- [Problem details]:
Transcribe only what runs from the line containing "Element Green Floral Maxi Dress" through the final line below, exactly, and leave every picture out.
---------- Excerpted records ----------
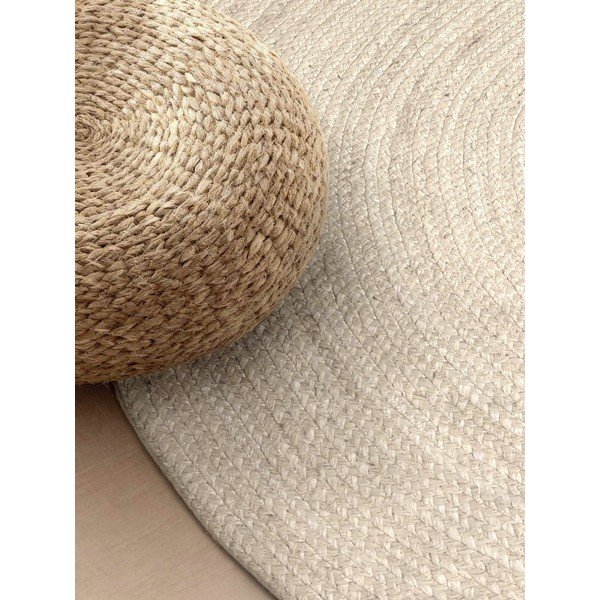 Krem obostrani/ručno rađen juten tepih 160x230 cm Braided – Hanse Home-image-3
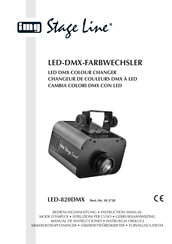 IMG STAGELINE LED-820DMX Manual De Instrucciones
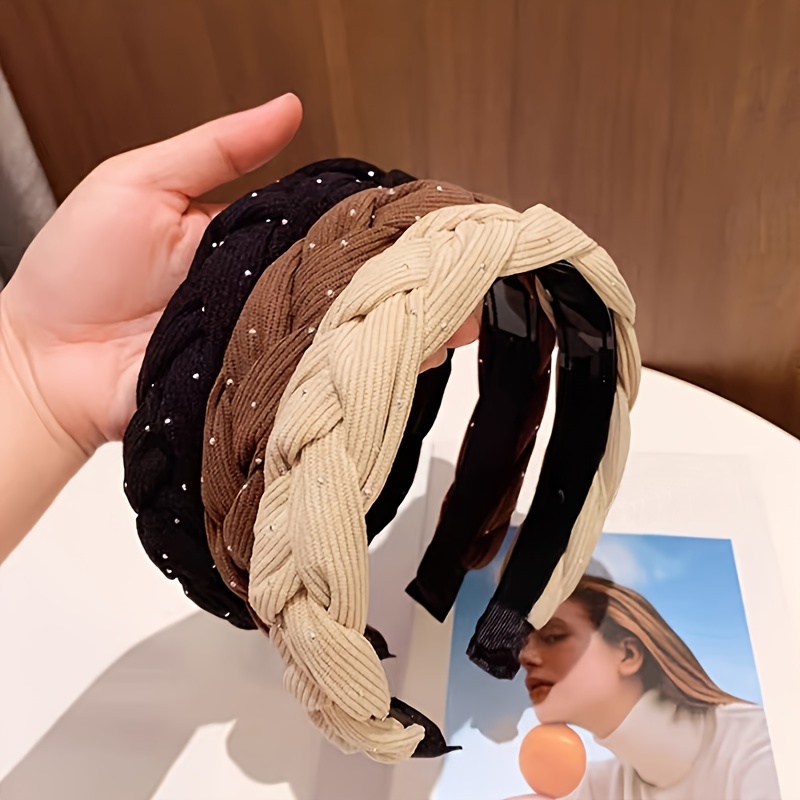 Padded Braided Headband Mesh Braided Headband Hair - Temu Canada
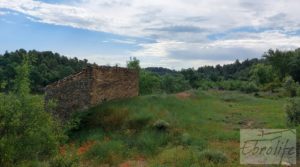 Vendemos Hermosa finca con casa de piedra en La Fresneda. con balsa de riego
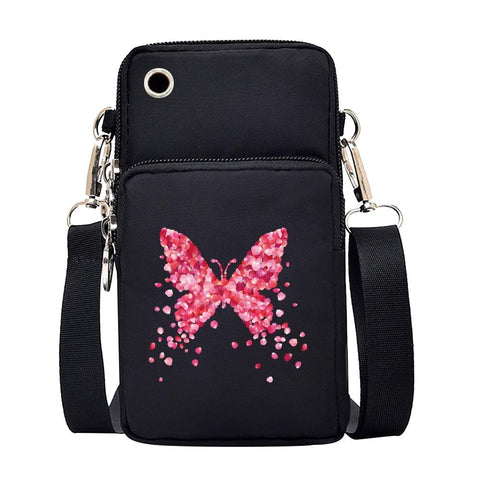 Mobile Phone Bag Butterfly Pattern Lipstick Purses Pouch  for-BS00377-Veeddydropshipping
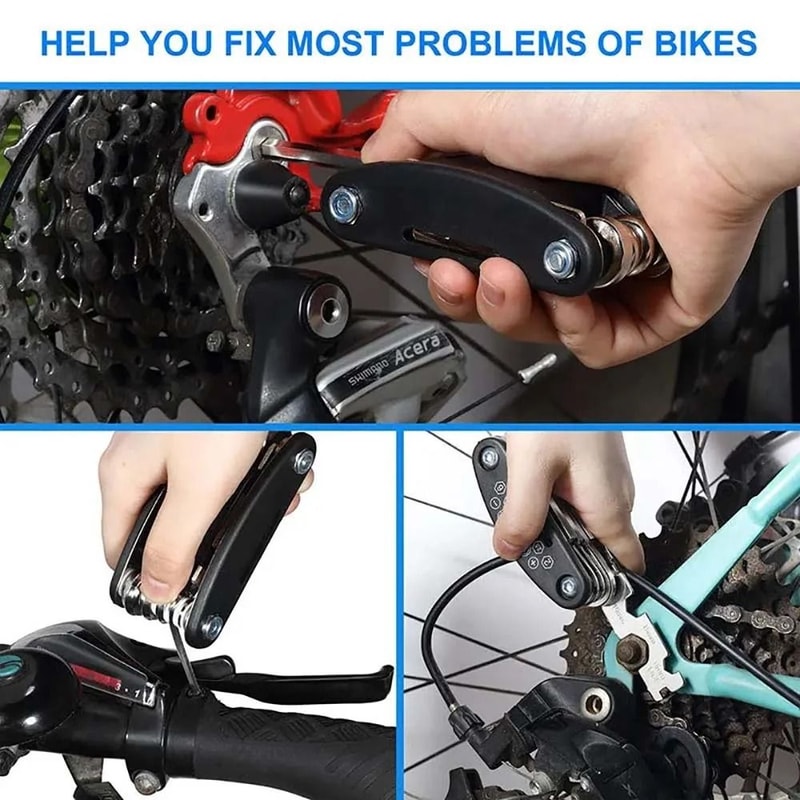 16 In 1 Bicycle Multi Tool Portable Wrench Screwdriver Repair Tool Set 4
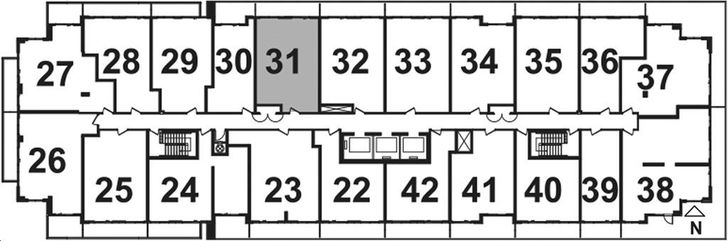 U.C. Tower 3 Unit 31 Key Plan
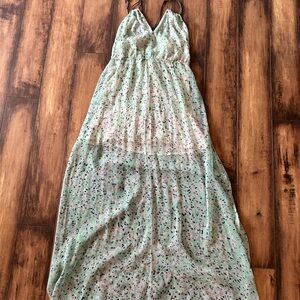 Element Green Floral Maxi Dress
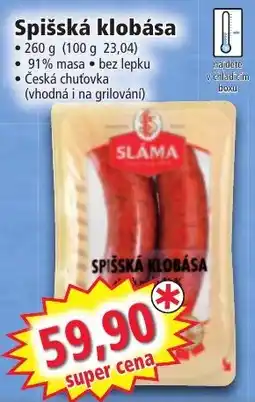 Norma Slama spíšská klobása nabídka
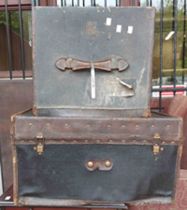 Two old travelling trunks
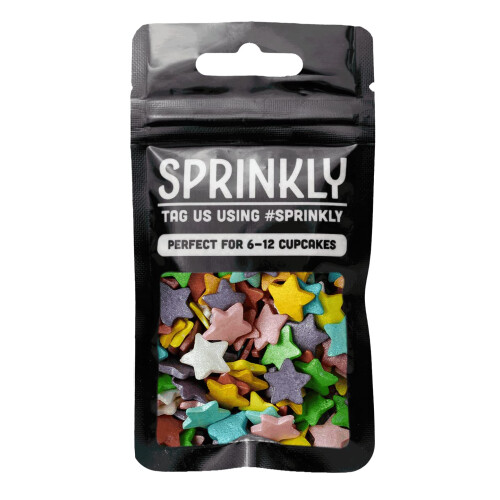 SPRINKLY - Glimmer Stars - Rainbow (Jumbo) - 25g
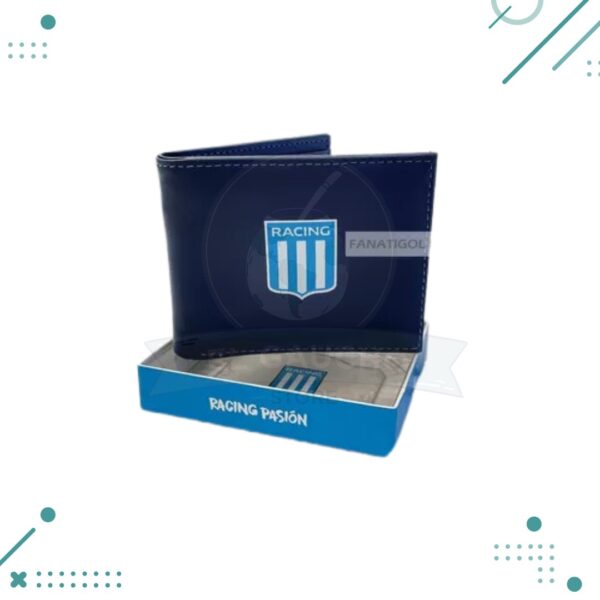 Billetera Racing con Caja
----------
- [Problem solution]:
 Element Green Floral Maxi Dress
 Norma Slama spíšská klobása nabídka
 Two old travelling trunks
 SPRINKLY - Glimmer Stars - Rainbow (Jumbo) - 25g
 Billetera Racing con Caja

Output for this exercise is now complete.